(Aim of the task) An exact repeat is needed of the lines from the one with "Vater und Sohn" through the last line of the data below. Please omit the pictures.

(Dataset records)
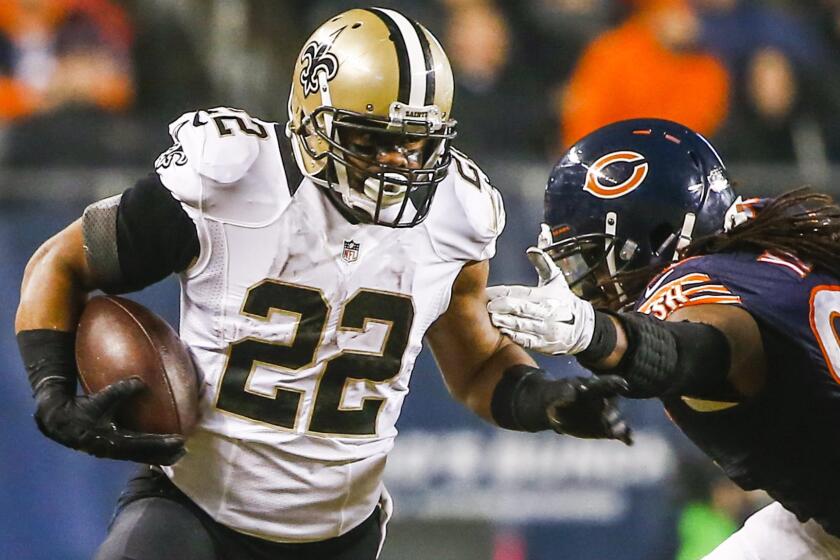 New Orleans Saints running back Mark Ingram, left, breaks away from Chicago Bears defensive end Willie Young during the Saints' 31-15 win Monday.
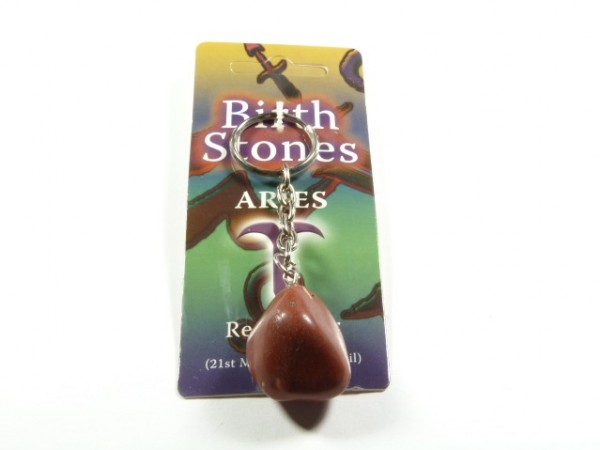 Breloczek z czerwonym kamieniem, opakowanie z napisem "Birth Stones Aries".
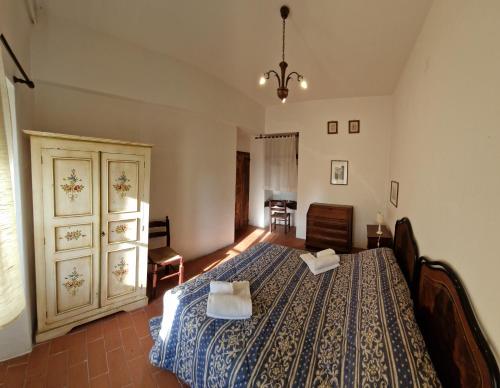 a bedroom with a bed with two pillows on it at ABBAZIA DI VALLINGEGNO in Gubbio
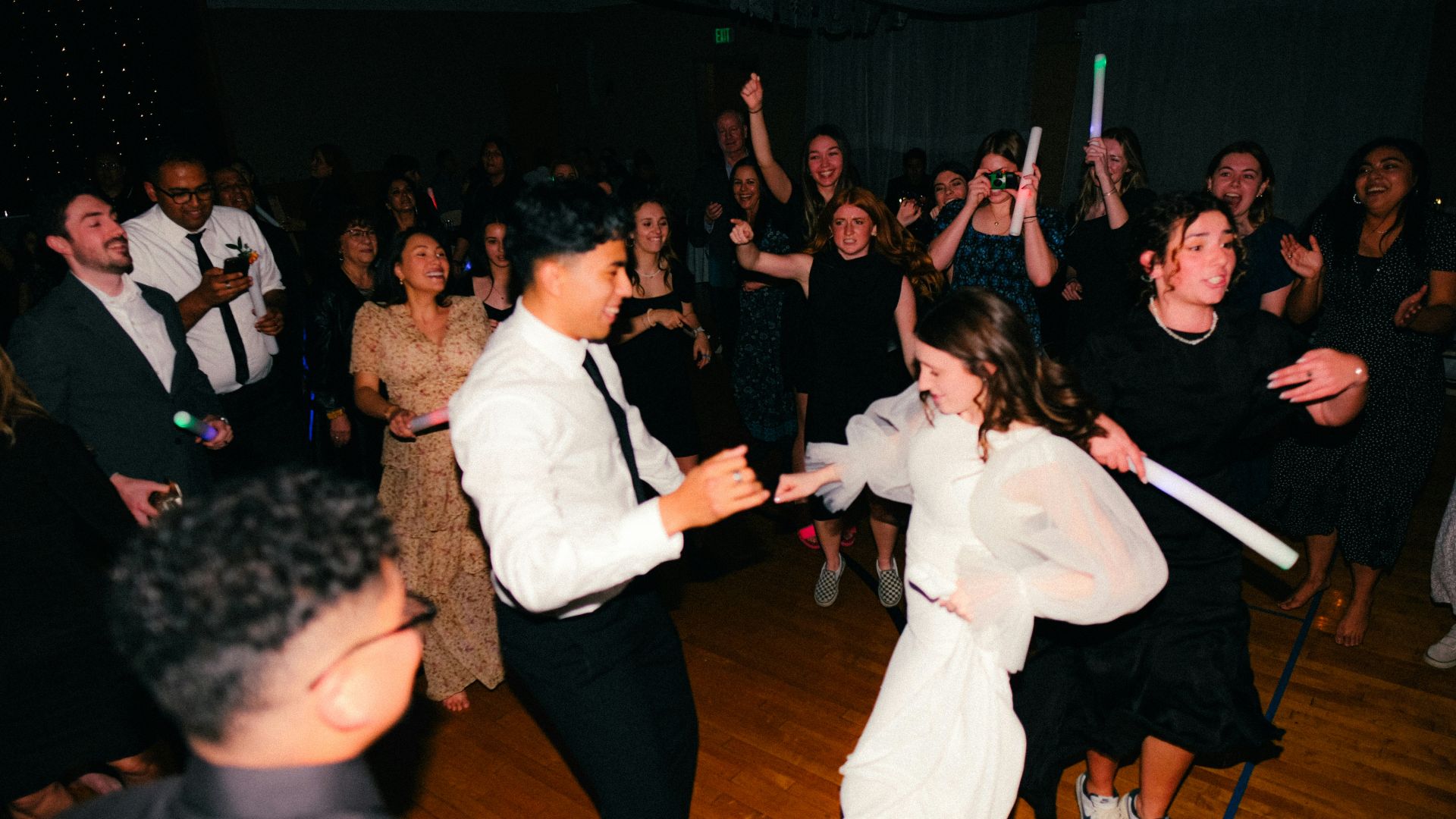 a couple of people that are on a dance floor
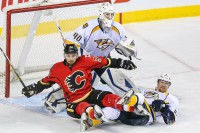 Calgary Flames left wing T.J. Galiardi (39) and Nashville Predators defenseman Ryan Ellis (4) collide in front of Predators goalie Devan Dubnyk (40) during the first period at Scotiabank Saddledome. (Sergei Belski-USA TODAY Sports)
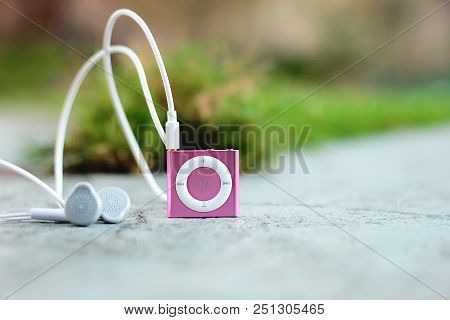 Pink Music Device With White Ear Plugs In The Ground
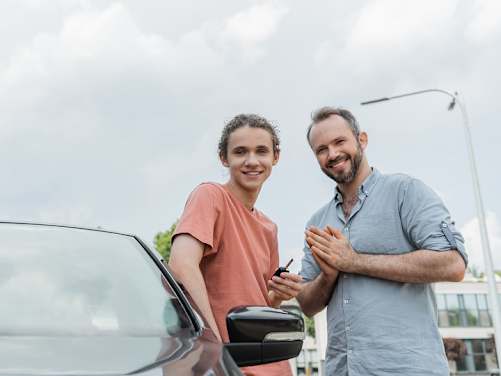 Vater und Sohn stehen neben dem Auto mit Autoschlüssel in der Hand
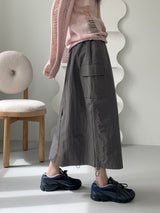 シネストリングナイロンカーゴバックスリットロングスカート / cine string nylon cargo back slit long skirt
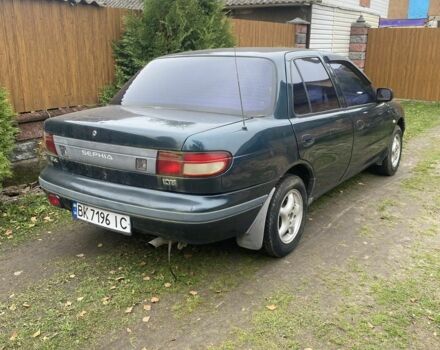 Зеленый Киа Сефия, объемом двигателя 1.6 л и пробегом 320 тыс. км за 870 $, фото 1 на Automoto.ua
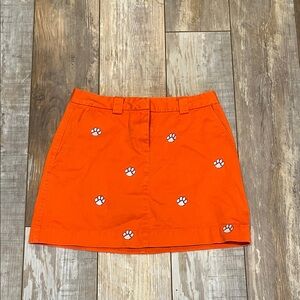Orange Skirt with Clemson Tiger Paw Print Design with purple outline.
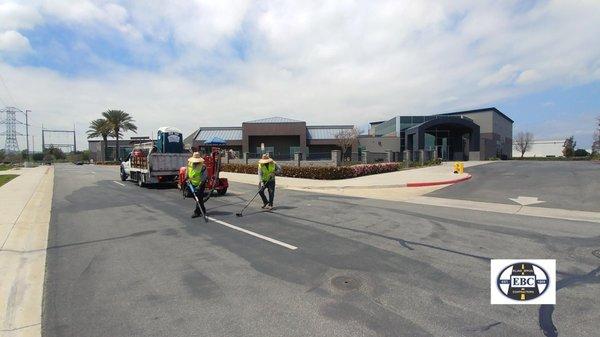 Cracksealing with hot rubber before sealcoating.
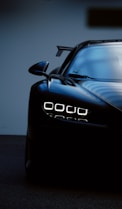 a black sports car parked in a garage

(Result below)
 Vater und Sohn stehen neben dem Auto mit Autoschlüssel in der Hand
 シネストリングナイロンカーゴバックスリットロングスカート / cine string nylon cargo back slit long skirt
 Зеленый Киа Сефия, объемом двигателя 1.6 л и пробегом 320 тыс. км за 870 $, фото 1 на Automoto.ua
Orange Skirt with Clemson Tiger Paw Print Design with purple outline.
 Cracksealing with hot rubber before sealcoating.
 a black sports car parked in a garage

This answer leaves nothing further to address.